The American Security Project
(ASP) launched its Climate Security Index
, which identifies climate change “a clear and present danger to the national security of the United States,” at an event hosted by George Washington University
. ASP warns that “American leaders will face a multitude of tough choices as climate-induced national security threats begin to compete with and crowd out our ability to respond to traditional threats,” reports ClimateWire.
According to “Fewer Emitters, Lower Emissions, Less Cost,” contraception is almost five times cheaper than conventional green technologies as a means of combating climate change. “[E]ach $7 spent on basic family planning (2009 US$) would reduce CO2 emissions by more than one ton,” researchers conclude, while low-carbon technologies would add an extra $25 per ton.
Experts at a recent forum on sexual and reproductive health and development in Berlin also argued for making the population-climate link, although it did not appear in the Call to Action. Helen Clark, administrator of the UN Development Programme (UNDP), said that there is a “virtuous cycle formed by educating women and families in the developing world on the number of children they actually wish to have, improving the health of women and promoting gender equality, reducing poverty and hunger, and mitigating climate change.”
The World Bank has suspended International Finance Corporation (IFC) funding of operations in the palm oil sector over concerns that lending could be causing social and environmental harm, says Mongabay.com.
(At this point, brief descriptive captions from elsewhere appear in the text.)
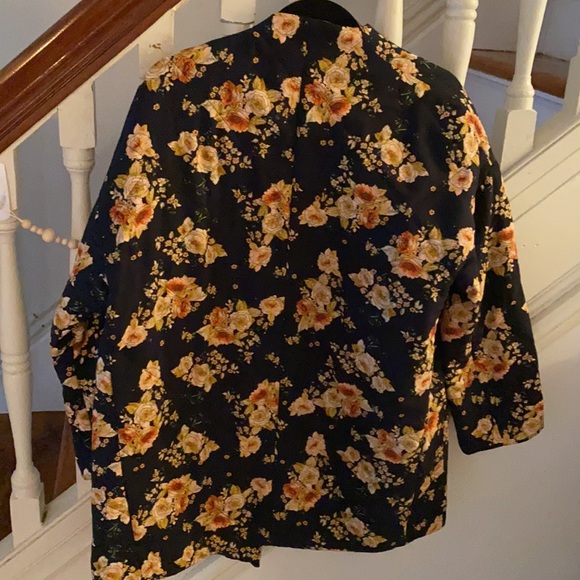COPY - 💫 Zara Quilted Floral Jacket - M/L 💫 - Picture 2 of 9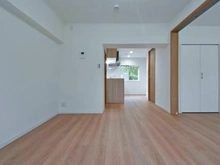 【神奈川県/横浜市青葉区美しが丘】たまプラーザ団地4街区2号棟 リビング・ダイニング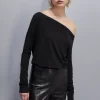 Maglia con spalla scesa "Essential"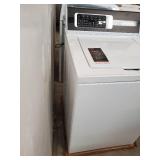 Speed Queen Electric Stainless Steel Top Load Washer in White. Manufacturer Part #TR7003WN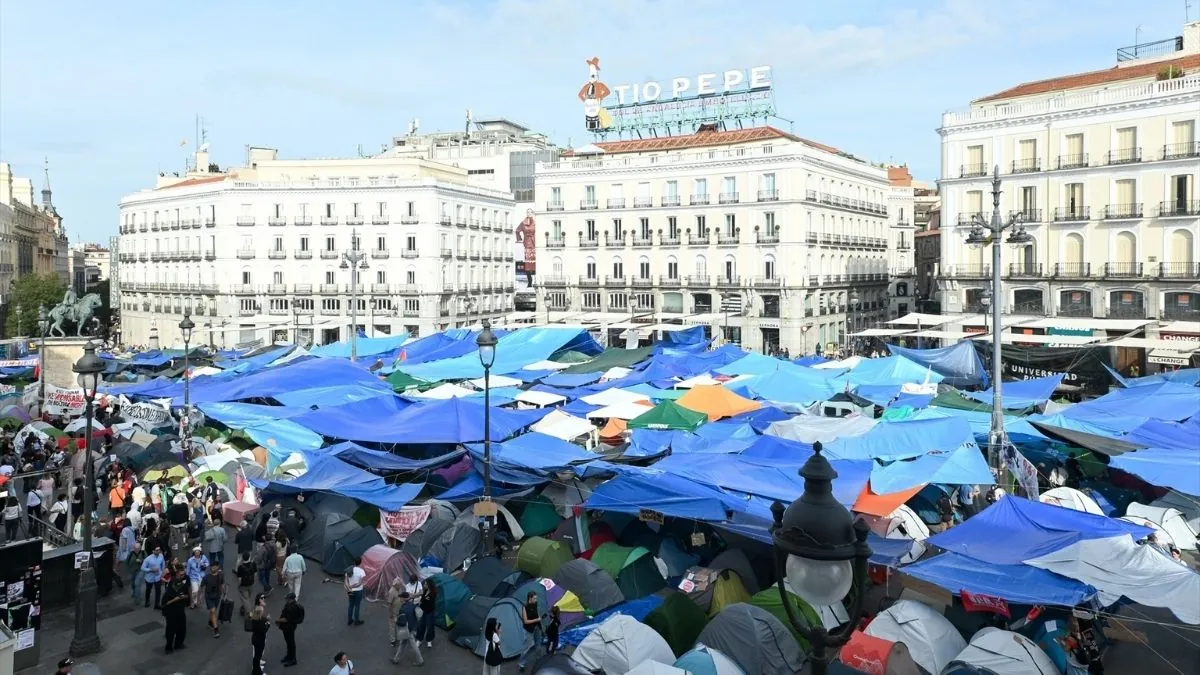 La Justicia mantiene la acampada de Sol frente a Ayuso
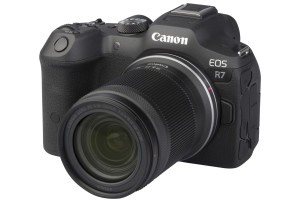 Canon EOS R7 met RF-S 18-150mm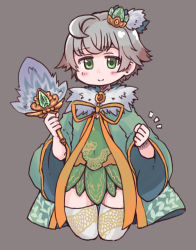 Rule 34 | 1girl, aisha (sennen sensou aigis), brown hair, clenched hand, cropped legs, dress, es (eisis), feather fan, fur trim, green dress, green eyes, green robe, grey background, grey hair, hand fan, highres, holding, holding fan, multicolored hair, open clothes, open robe, robe, sennen sensou aigis, simple background, smile, solo, thighhighs, white thighhighs, wide sleeves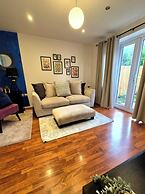 Elegant 2-bed Home - Prime City Centre Location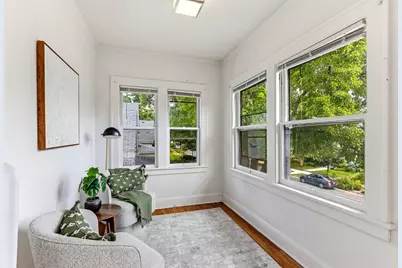 256 Russell Avenue S, Minneapolis, MN 55405 - Photo 10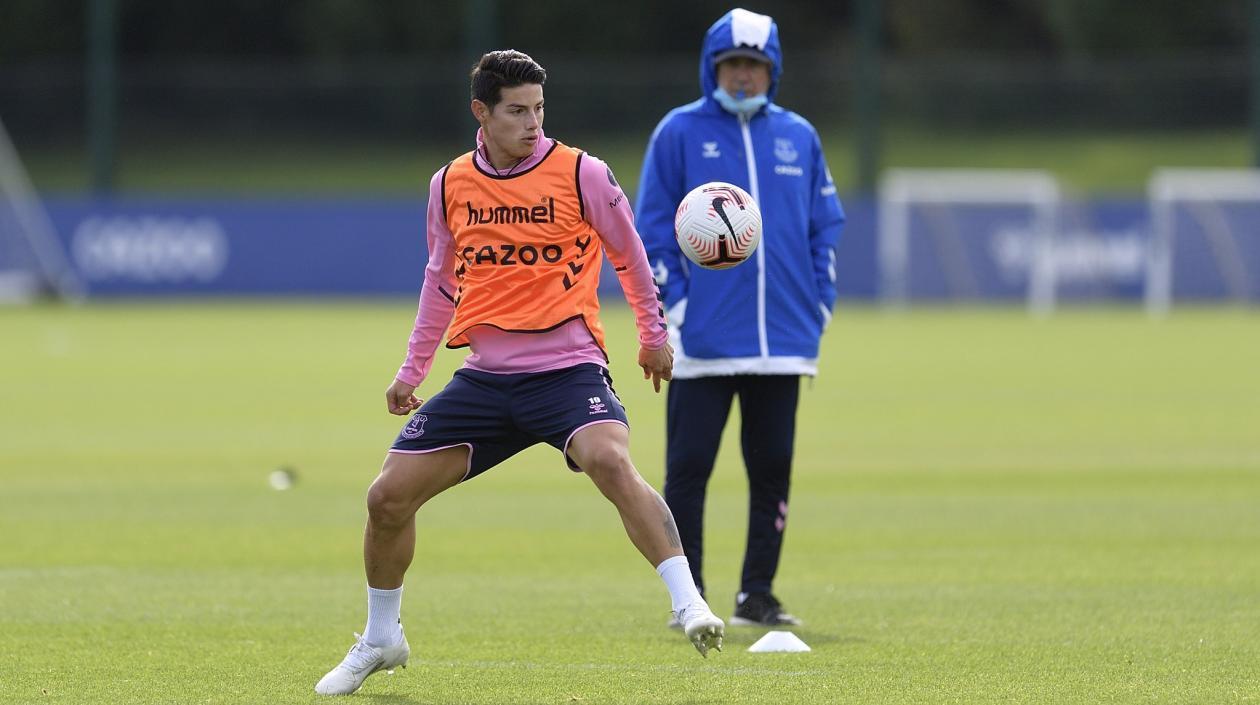 James Rodríguez entrenando bajo la mirada de Carlo Ancelotti.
World Bank President Robert Zoellick announced the move in a letter to NGO leaders who argued that IFC-backed palm oil production in Indonesia was fuelling deforestation, land grabbing, and human rights abuses.
In “Urban Poverty and Vulnerability in Kenya,” Oxfam warns that Kenya “is facing a new urban timebomb, with millions of Nairobi residents suffering a daily struggle for food and water as the divide between rich and poor widens.” The group points out that “the price of staple foods such as maize has more than doubled in the past year” and drought has led to an outbreak of cholera “as almost 90% of slum dwellers have no piped clean water.”
“Water and Conflict: Incorporating Peacebuilding into Water Development” from Catholic Relief Services outlines a way for development and human rights practitioners to integrate water and peacebuilding in their projects, drawing on the experiences of CRS and other development organizations, mainly in Central and South America.